No problem with the questions. It's how we learn! Keep on asking.


----------



## Frjen (Apr 1, 2013)

Thank you for the information. Well, since making wine is illegal in this country, no brewing shop's existe here. Therefor my knowledge of brewing is limited.
I have no idea what K-meta is, does that mean my wine is dangerous to drink ?
Keep in mind, hygene is a high priority of mine, i sterilize everything befor use, and the wine tastes fine, bit sour.


----------



## GreginND (Apr 2, 2013)

No, is not dangerous. It just might soil easier. But people have made plenty of good wine without it. I would drink it sooner rather than later. If your wine is sour you can add sugar.
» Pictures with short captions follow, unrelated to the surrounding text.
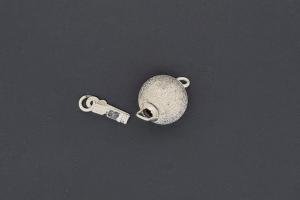 Ball clasp approx. Ø10mm metal dia cut silver color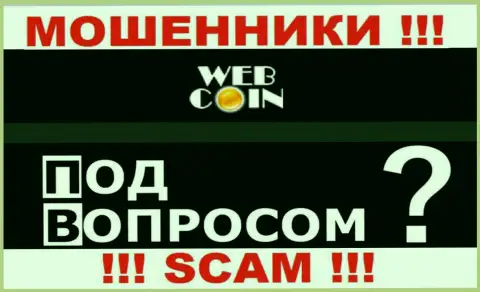 Никак наказать WebCoin законно не получится - нет инфы относительно их юрисдикции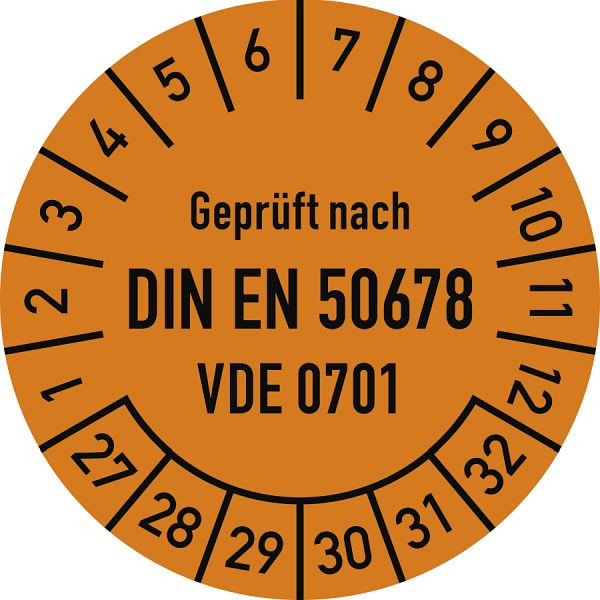 Moedel Prüfplakette DIN EN 50678, VDE 0701, 2027-2032, Folie, Ø 30mm, VE: 10 Stück/Bogen, 108552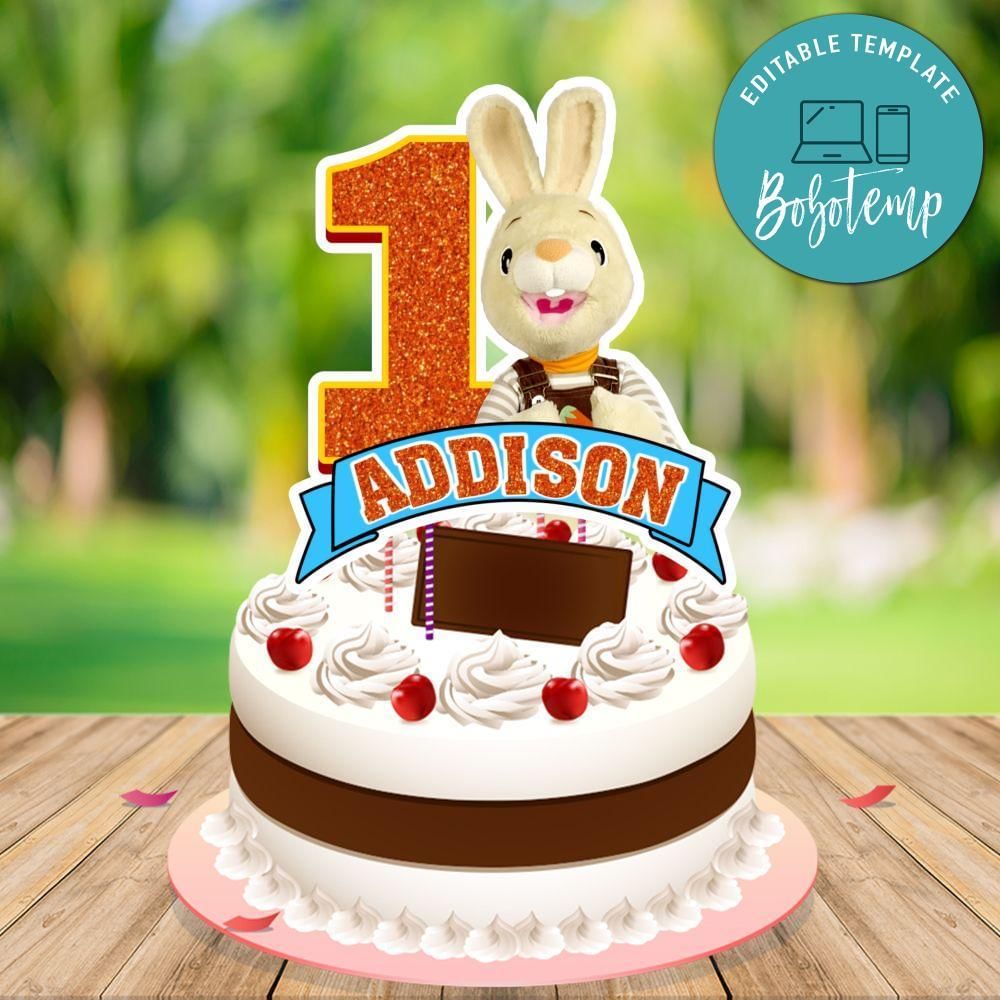 Harry The Bunny Cake Topper Template Printable Instant Download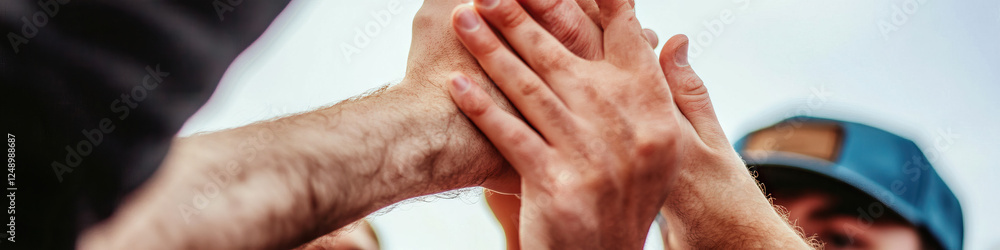 Fototapeta premium Three People's Hands Stacked Together Outdoors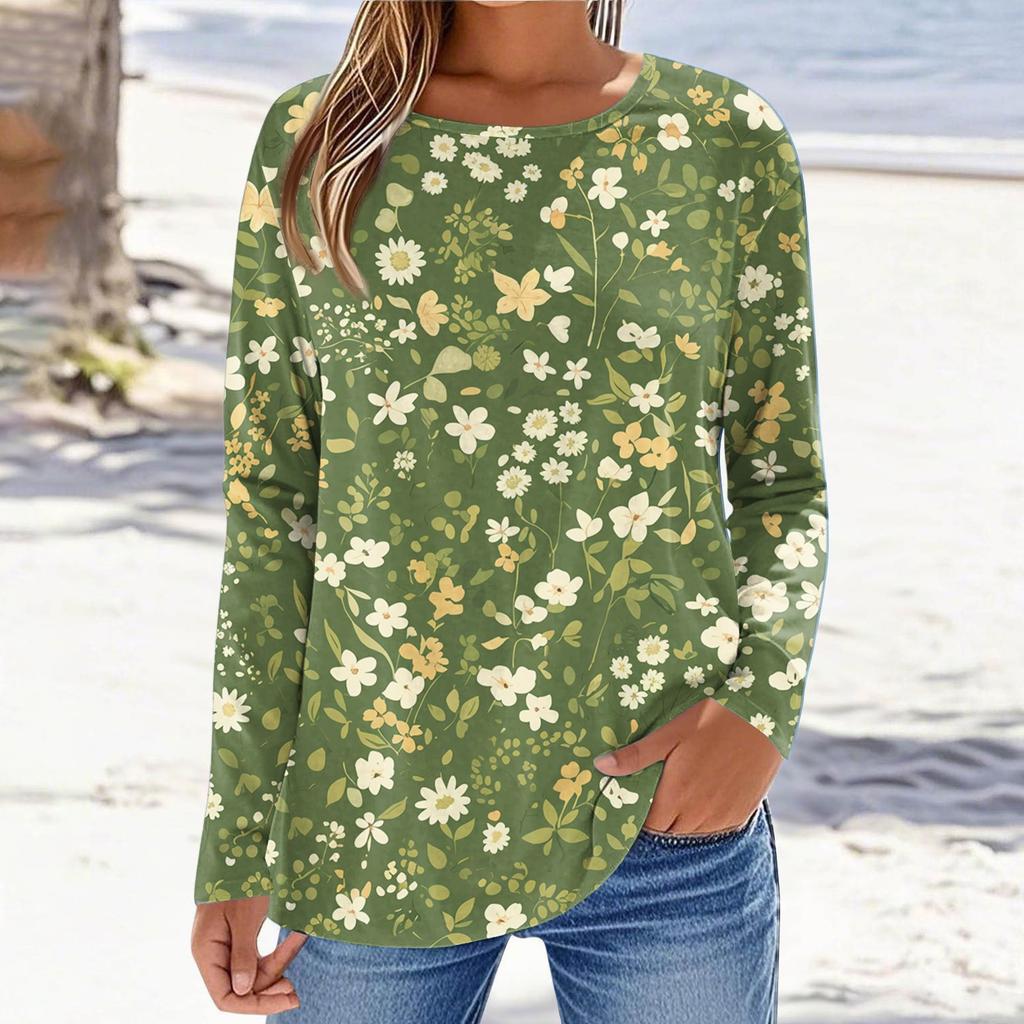 Women's Fashionable Casual Printed Long Sleeved Round Neck Top Round Neck Top Top
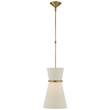 Visual Comfort Clarkson Small Single Pendant with Linen Shade in Hand-Rubbed Antique Brass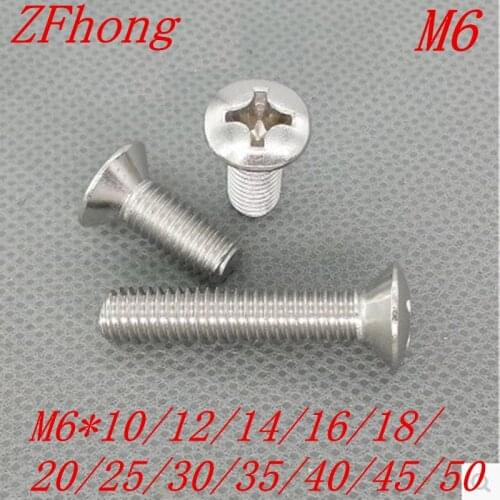 50PCS DIN966 M6*10/12/16/20/2/30/35/40/45/50 Cross Recessed Raised Countersunk Head Screw Stainless Steel 304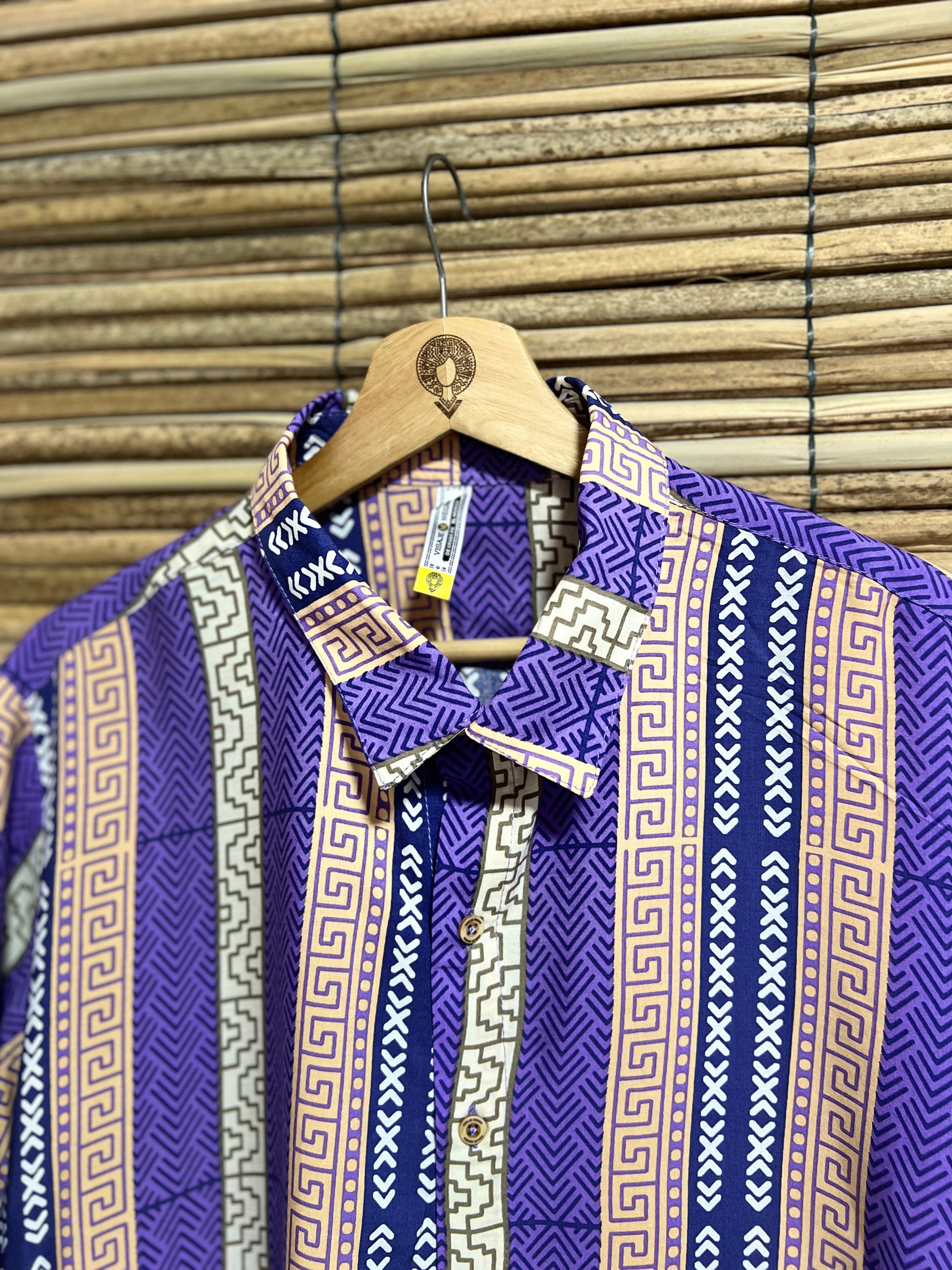 Camisa Tierra Viva- Cuello Inglés- Ropa Afro Colombiana – diseño étnico colombiano Visaje Negro
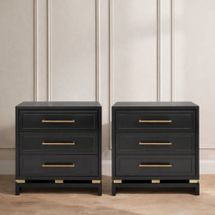Pearl Large Black Bedside Table Set of 2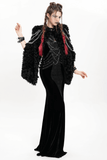 Velvet Gothic Maxi Dress with Chains and Halter Neck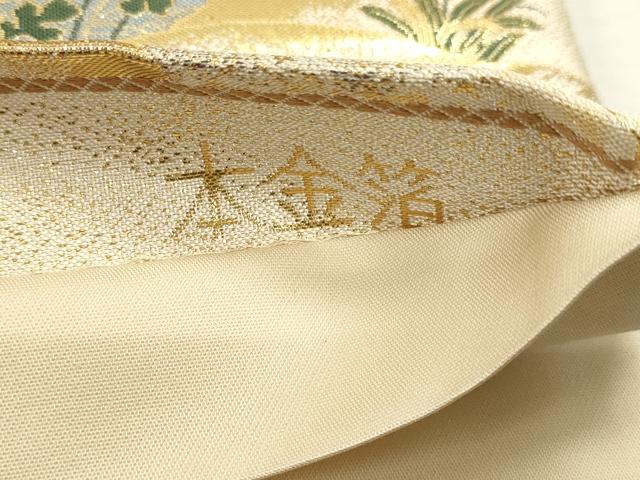 平和屋本店▼六通柄袋帯 紹巴 貴人聚遊楽絵文様 本金箔 正絹 逸品 DABK5522sf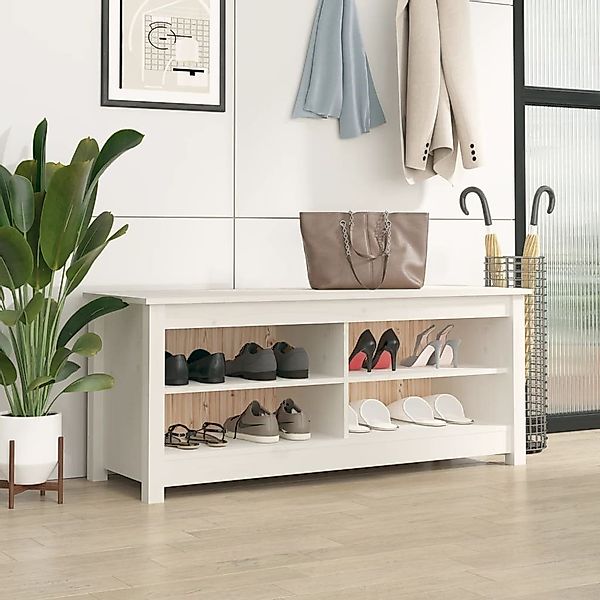 furnicato Schuhschrank Schuhbank Weiß 110x38x45,5 cm günstig online kaufen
If you don't have access to stabilizers ( k-meta and sorbate) I think your only option would be to keep the wine cold to prevent fermentation after sweetening or just sweeten it as you drink it.


----------



## Frjen (Jun 29, 2013)

Well after two years I got my academy profession degree, programmer in production techlology. And I did so presenting the wine I made at home, the teachers loved it.

Next step is to establish my very own vinyard, hopefully within the next year.


----------



## toadie (Nov 29, 2020)

I can't imagine many people will see this comment but wow this thread took a major turn at the end. Kudos to GreginND for the good advice that may have led to a winery startup in possibly a former soviet republic!


----------



## G259 (Nov 30, 2020)

Wine ist verboten! Nine! (lol!)


----------